Entries provided
::::

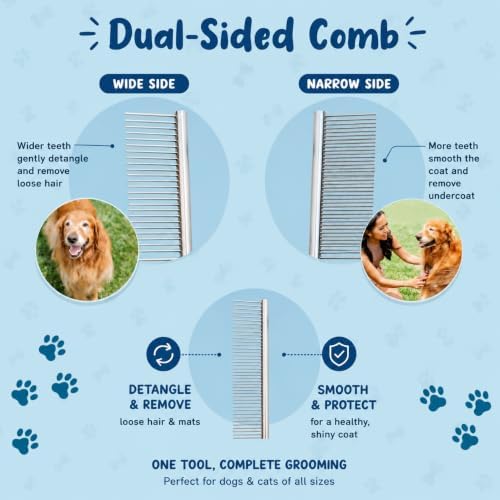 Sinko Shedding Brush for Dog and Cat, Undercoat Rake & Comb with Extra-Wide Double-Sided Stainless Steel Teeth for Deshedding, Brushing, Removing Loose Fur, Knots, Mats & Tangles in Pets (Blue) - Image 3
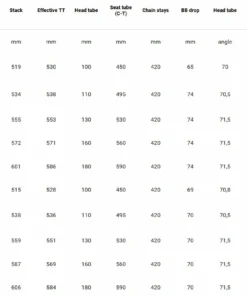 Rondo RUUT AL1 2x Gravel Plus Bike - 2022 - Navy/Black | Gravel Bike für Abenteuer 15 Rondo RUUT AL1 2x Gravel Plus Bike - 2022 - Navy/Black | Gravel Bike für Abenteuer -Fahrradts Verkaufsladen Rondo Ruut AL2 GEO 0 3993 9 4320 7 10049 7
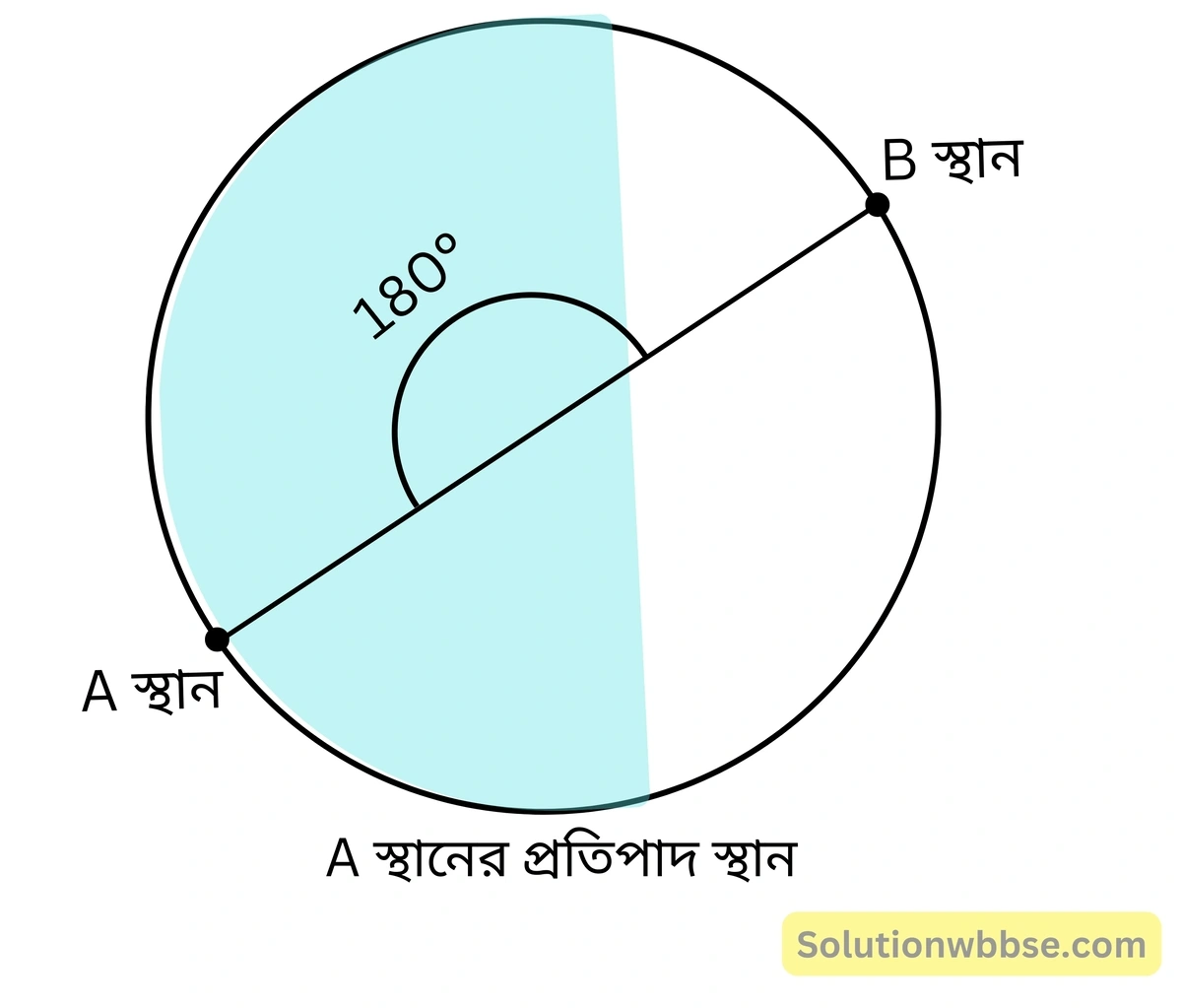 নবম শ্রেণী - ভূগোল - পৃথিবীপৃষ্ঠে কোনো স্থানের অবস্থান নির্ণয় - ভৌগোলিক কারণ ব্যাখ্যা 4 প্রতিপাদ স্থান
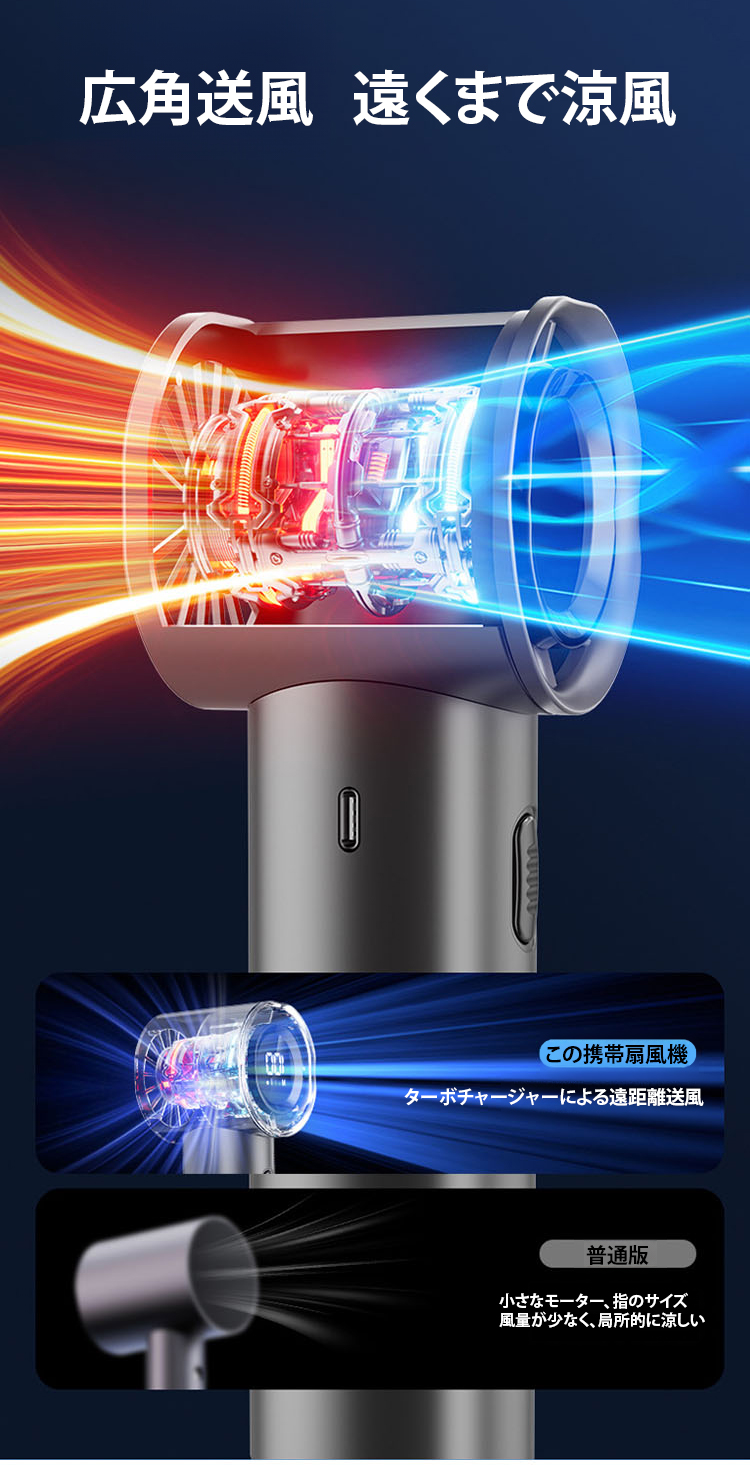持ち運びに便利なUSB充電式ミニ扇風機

::::

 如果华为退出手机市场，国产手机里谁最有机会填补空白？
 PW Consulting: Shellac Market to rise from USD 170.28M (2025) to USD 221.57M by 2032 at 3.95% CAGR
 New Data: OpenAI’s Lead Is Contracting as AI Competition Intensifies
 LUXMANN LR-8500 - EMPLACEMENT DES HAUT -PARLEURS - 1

::::

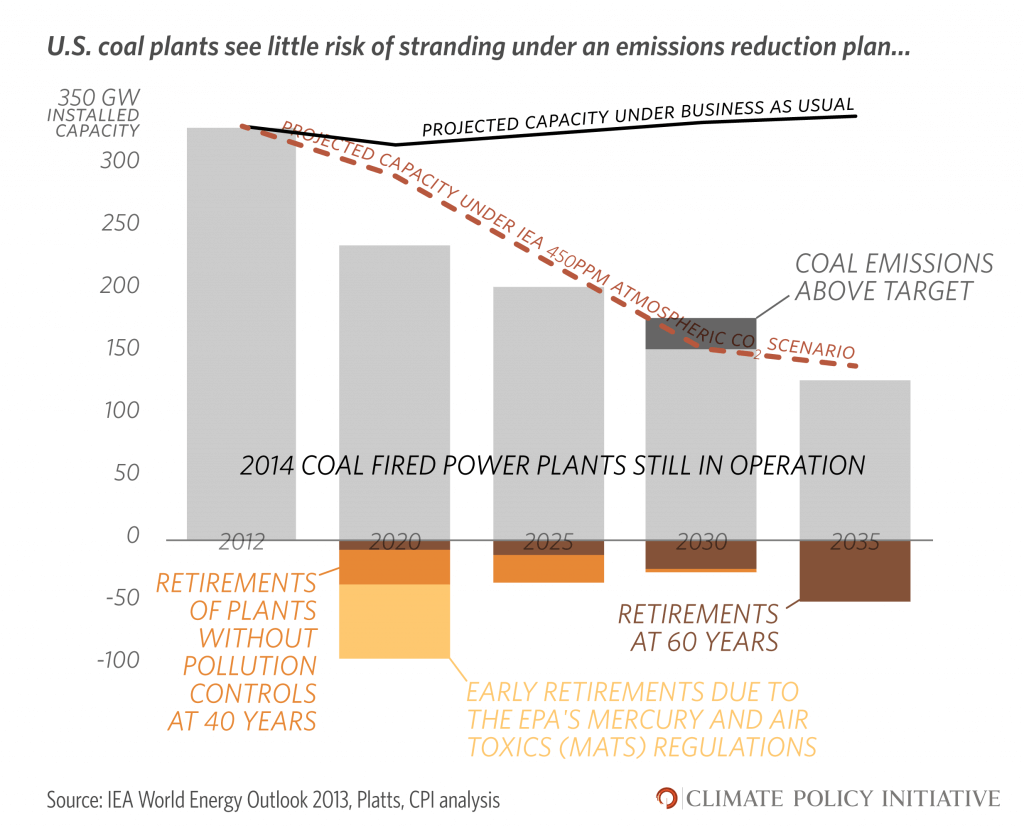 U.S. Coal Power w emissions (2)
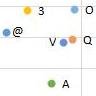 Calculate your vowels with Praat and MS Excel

::::

What the task asks
Reproduce word for word, with pictures dropped, only the part of the material above that opens with the line containing "Sinko Shedding Brush" and closes with the line containing "持ち運びに便利なUSB充電式ミニ扇風機".

Finished task
 Sinko Shedding Brush for Dog and Cat, Undercoat Rake & Comb with Extra-Wide Double-Sided Stainless Steel Teeth for Deshedding, Brushing, Removing Loose Fur, Knots, Mats & Tangles in Pets (Blue) - Image 3
 Rondo RUUT AL1 2x Gravel Plus Bike - 2022 - Navy/Black | Gravel Bike für Abenteuer 15 Rondo RUUT AL1 2x Gravel Plus Bike - 2022 - Navy/Black | Gravel Bike für Abenteuer -Fahrradts Verkaufsladen Rondo Ruut AL2 GEO 0 3993 9 4320 7 10049 7
 নবম শ্রেণী - ভূগোল - পৃথিবীপৃষ্ঠে কোনো স্থানের অবস্থান নির্ণয় - ভৌগোলিক কারণ ব্যাখ্যা 4 প্রতিপাদ স্থান
持ち運びに便利なUSB充電式ミニ扇風機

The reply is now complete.